[[ Data supplied, beginning ]]

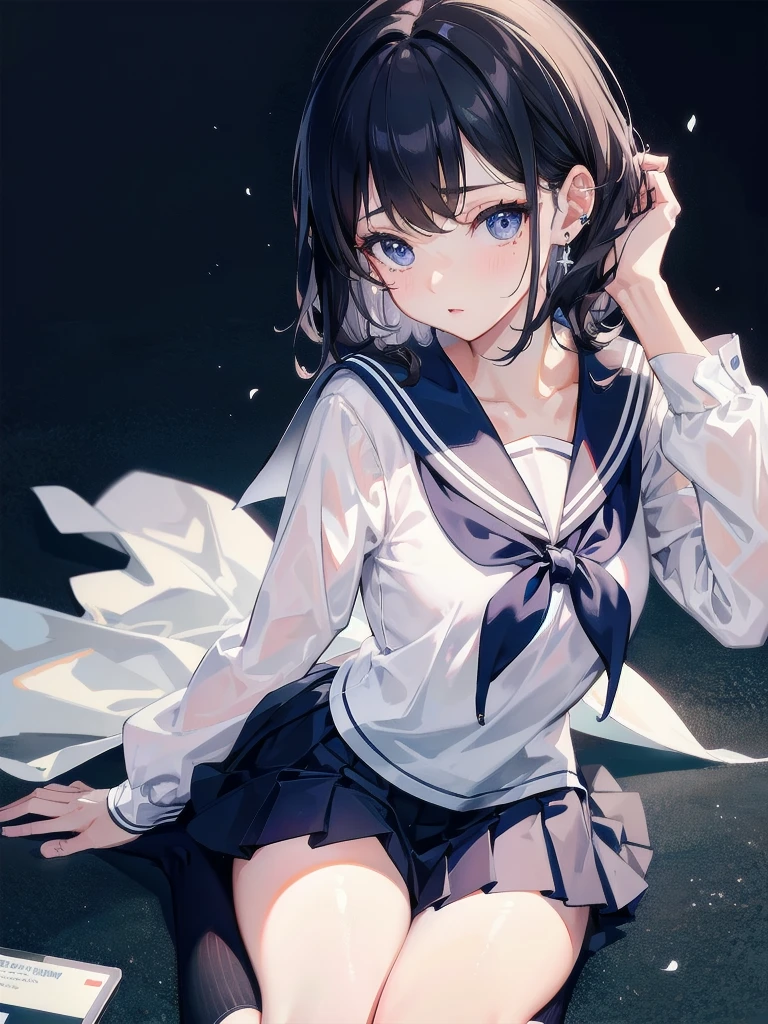 sailor uniform, school_uniform, absurdres, RAW photo, extremely delicate and beautiful, masterpiece, Best Quality, ultra high resolution, 32k, hyperrealistic, ultra-detailed, perfect figure, tearful mole, earring, whole body shot, short medium hair, wavy hair,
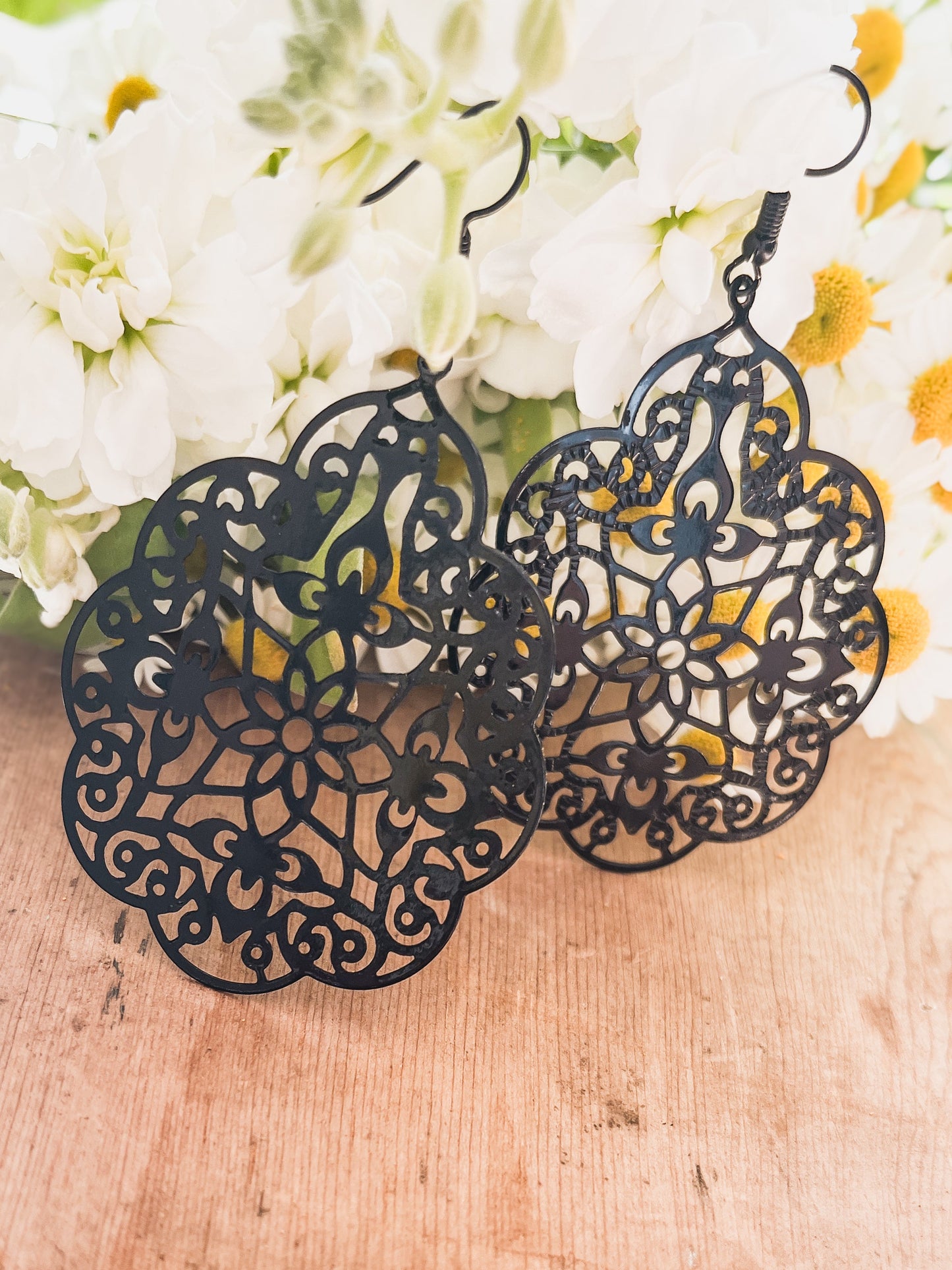 Beautiful Black Ornate Drop Earrings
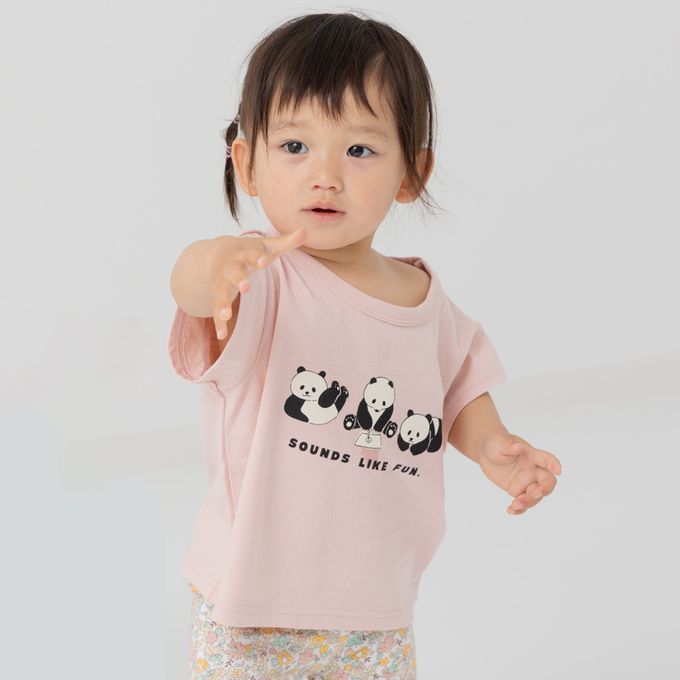 日本 Chil2 - 100%棉 可愛印花短袖上衣-渡假白熊-奶油白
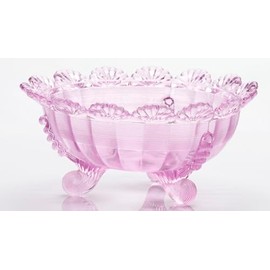Fruit Bowl - 3 Footed - American Made - Mosser Glass USA (Passion Pink)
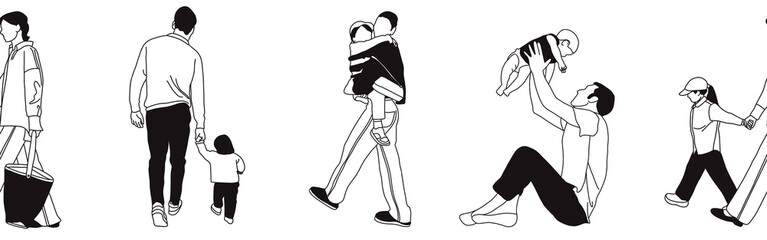 Hand-drawn doodle family border. Outline family clipart. Hand-drawn black art.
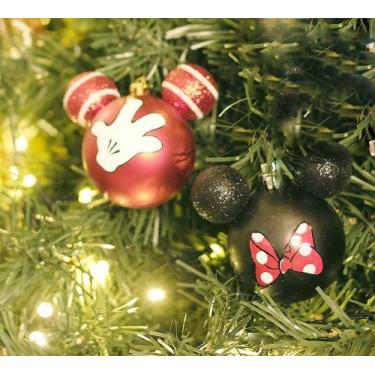 Imagem de Kit Bolas Acessórios Mickey e Minnie Vermelho e Preto  10cm - 02 unida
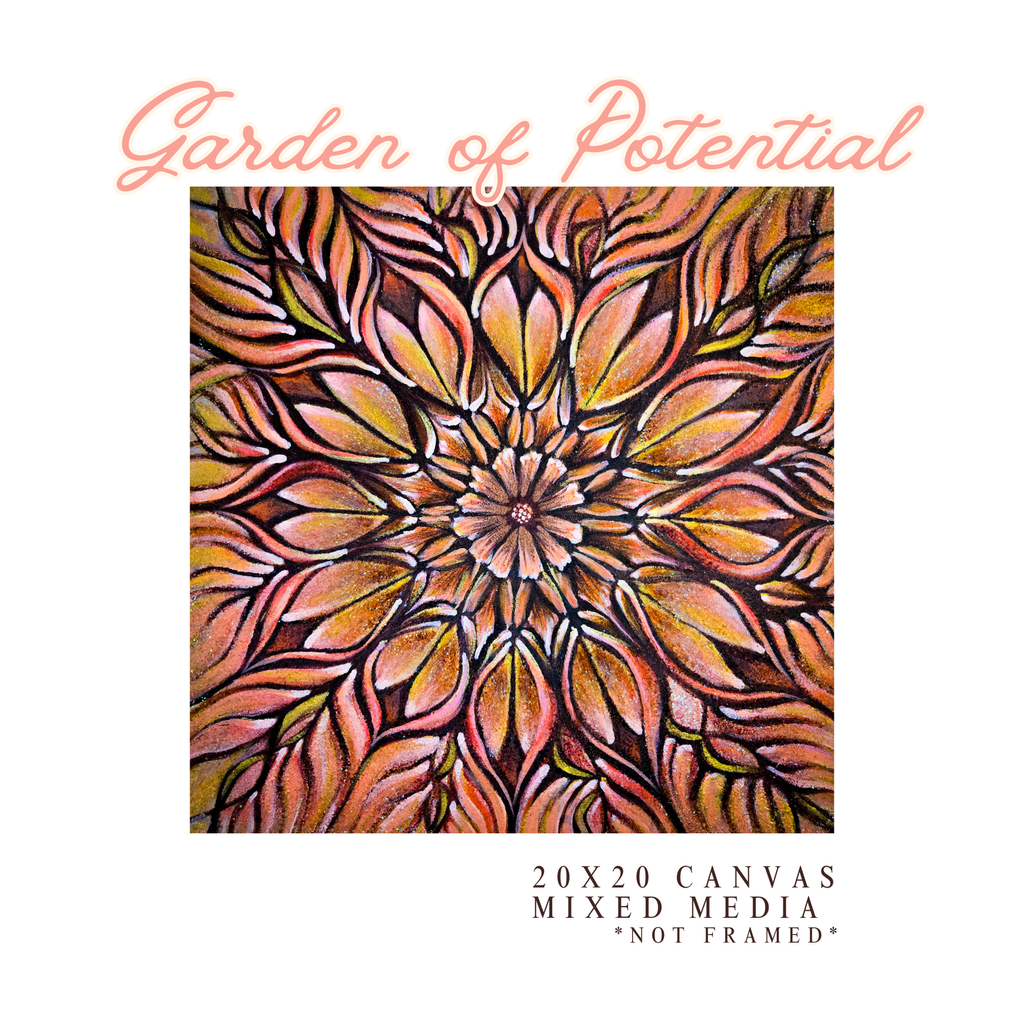 Garden Of Potential | Original 20x20 Mixed media Mandala Floral Painting | Flower Power Art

[[ Data supplied, end ]]

All of the data is to be returned exactly, with no pictures included.

Solution to the exercise >>
 sailor uniform, school_uniform, absurdres, RAW photo, extremely delicate and beautiful, masterpiece, Best Quality, ultra high resolution, 32k, hyperrealistic, ultra-detailed, perfect figure, tearful mole, earring, whole body shot, short medium hair, wavy hair,
 Beautiful Black Ornate Drop Earrings
 日本 Chil2 - 100%棉 可愛印花短袖上衣-渡假白熊-奶油白
Fruit Bowl - 3 Footed - American Made - Mosser Glass USA (Passion Pink)
 Hand-drawn doodle family border. Outline family clipart. Hand-drawn black art.
 Imagem de Kit Bolas Acessórios Mickey e Minnie Vermelho e Preto  10cm - 02 unida
 Garden Of Potential | Original 20x20 Mixed media Mandala Floral Painting | Flower Power Art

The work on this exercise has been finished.